> Work to complete: Could you transcribe every record below exactly, leaving out any pictures?

(Captioned web image data)
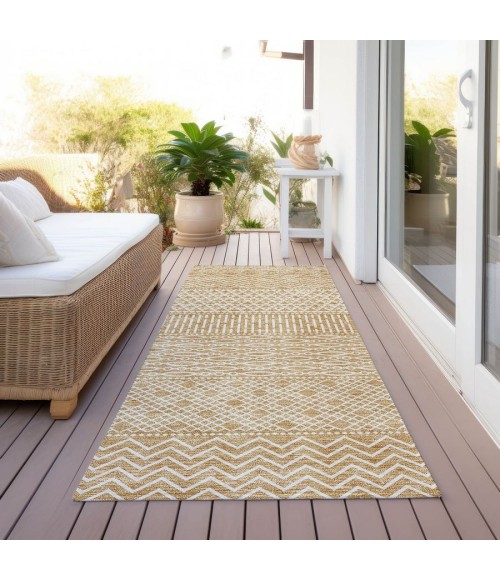 Addison Chantille ACN939-Gold 2 ft. 3 in. X 7 ft. 6 in. Rectangle Rug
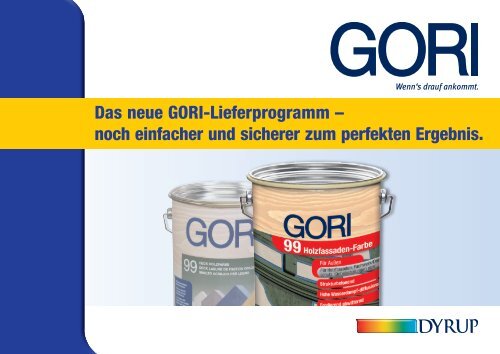 gori 88 compact-holzfarbe - Farben Brunner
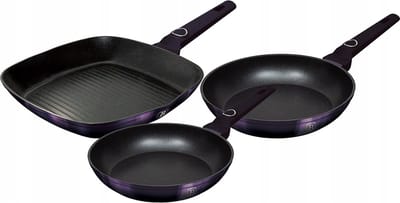 Berlinger Haus 7104 - Pannenset - 3 delig - Purple Eclipse collectie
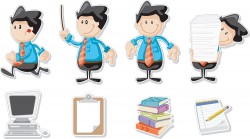 Cartoon business men vector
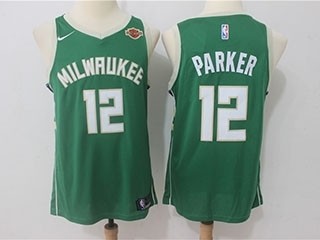 Bucks #12 Jabari Parker Green Nike Jersey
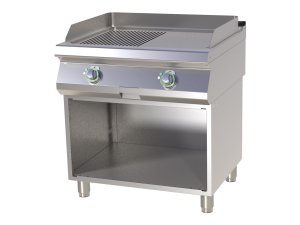 Griddleplatte Gas FTHR-780G mit glatt/gerillter...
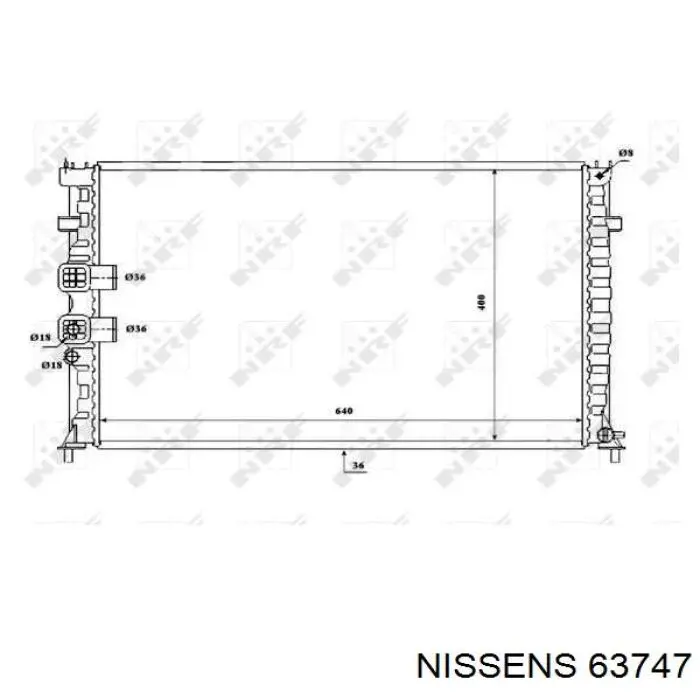 63747 Nissens radiador refrigeración del motor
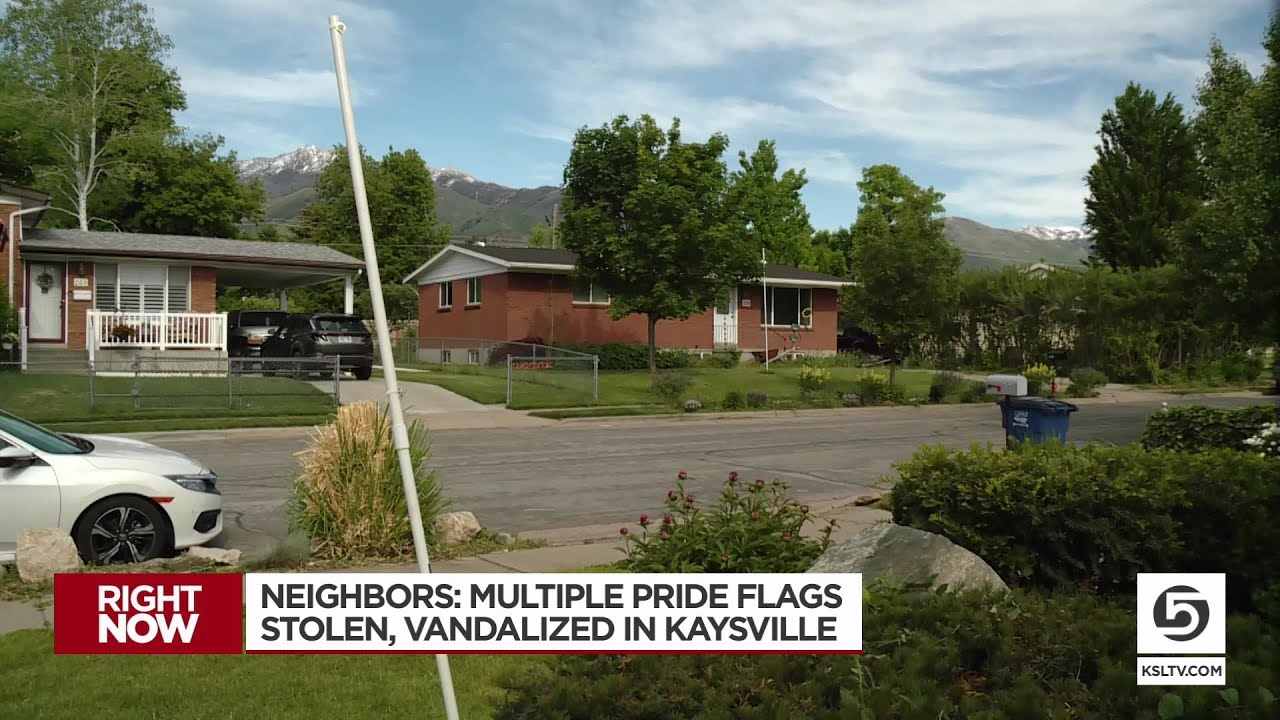 Community supports Kaysville neighborhood after Pride flag thefts and vandalism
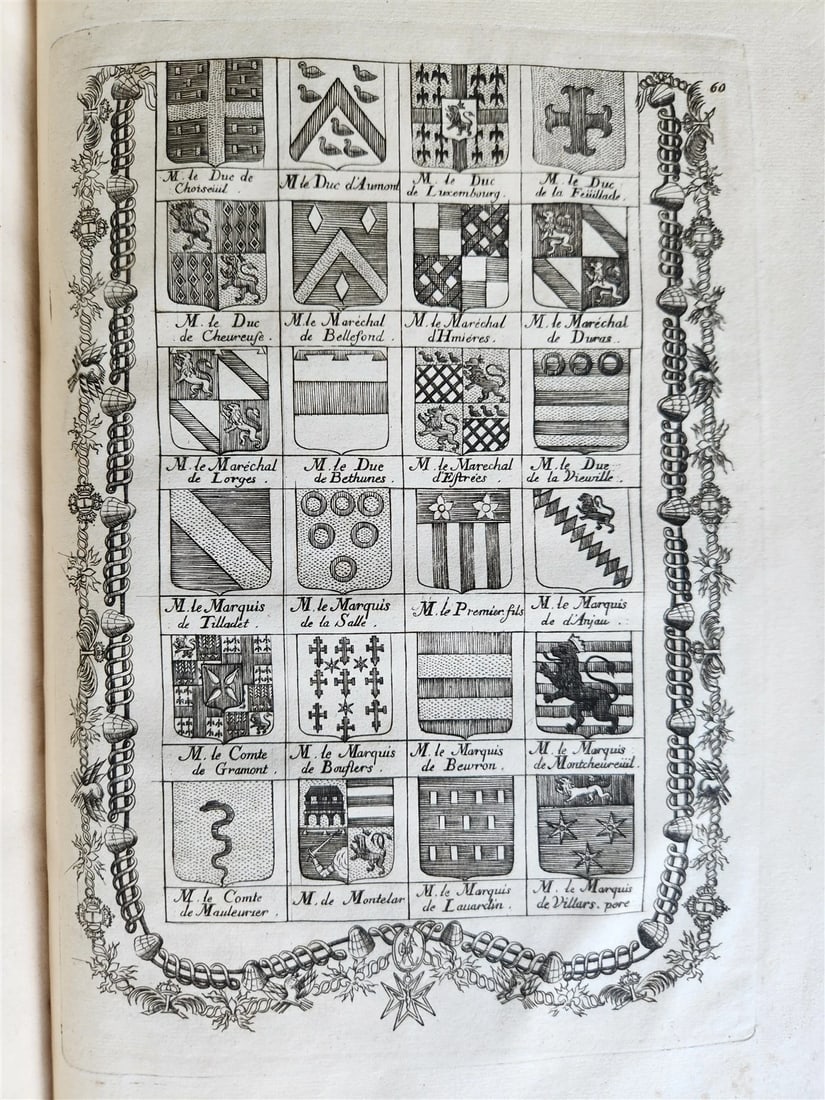 1691 HISTOIRE DU ROY LOUIS LE GRAND ILLUSTRATED antique ARMORIAL BINDING - 5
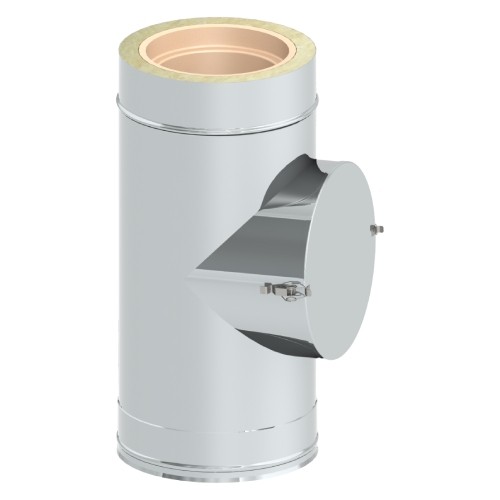 Edelstahlschornstein Bausatz Ø 120 mm - doppelwandig - Tecnovis TEC-Keramik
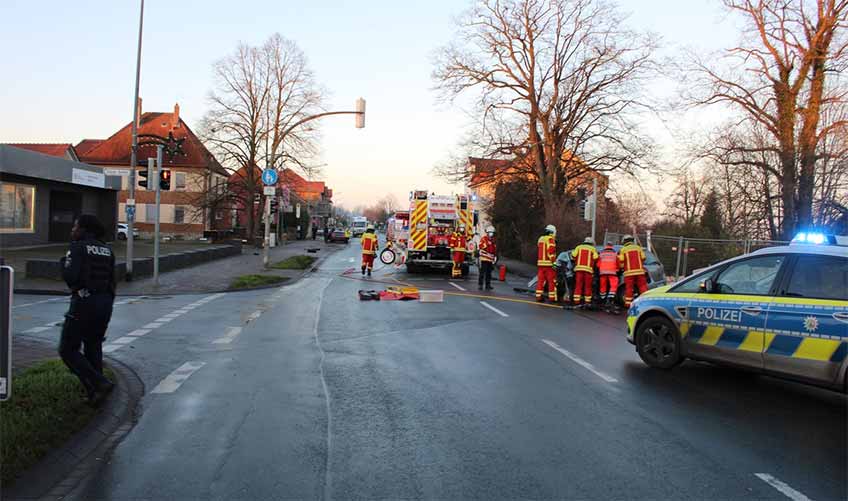 Die Feuerwehr im Einsatz.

> Expected output:
 Addison Chantille ACN939-Gold 2 ft. 3 in. X 7 ft. 6 in. Rectangle Rug
 gori 88 compact-holzfarbe - Farben Brunner
 Berlinger Haus 7104 - Pannenset - 3 delig - Purple Eclipse collectie
 Cartoon business men vector
 Bucks #12 Jabari Parker Green Nike Jersey
 Griddleplatte Gas FTHR-780G mit glatt/gerillter...
 63747 Nissens radiador refrigeración del motor
 Community supports Kaysville neighborhood after Pride flag thefts and vandalism
 1691 HISTOIRE DU ROY LOUIS LE GRAND ILLUSTRATED antique ARMORIAL BINDING - 5
 Edelstahlschornstein Bausatz Ø 120 mm - doppelwandig - Tecnovis TEC-Keramik
 Die Feuerwehr im Einsatz.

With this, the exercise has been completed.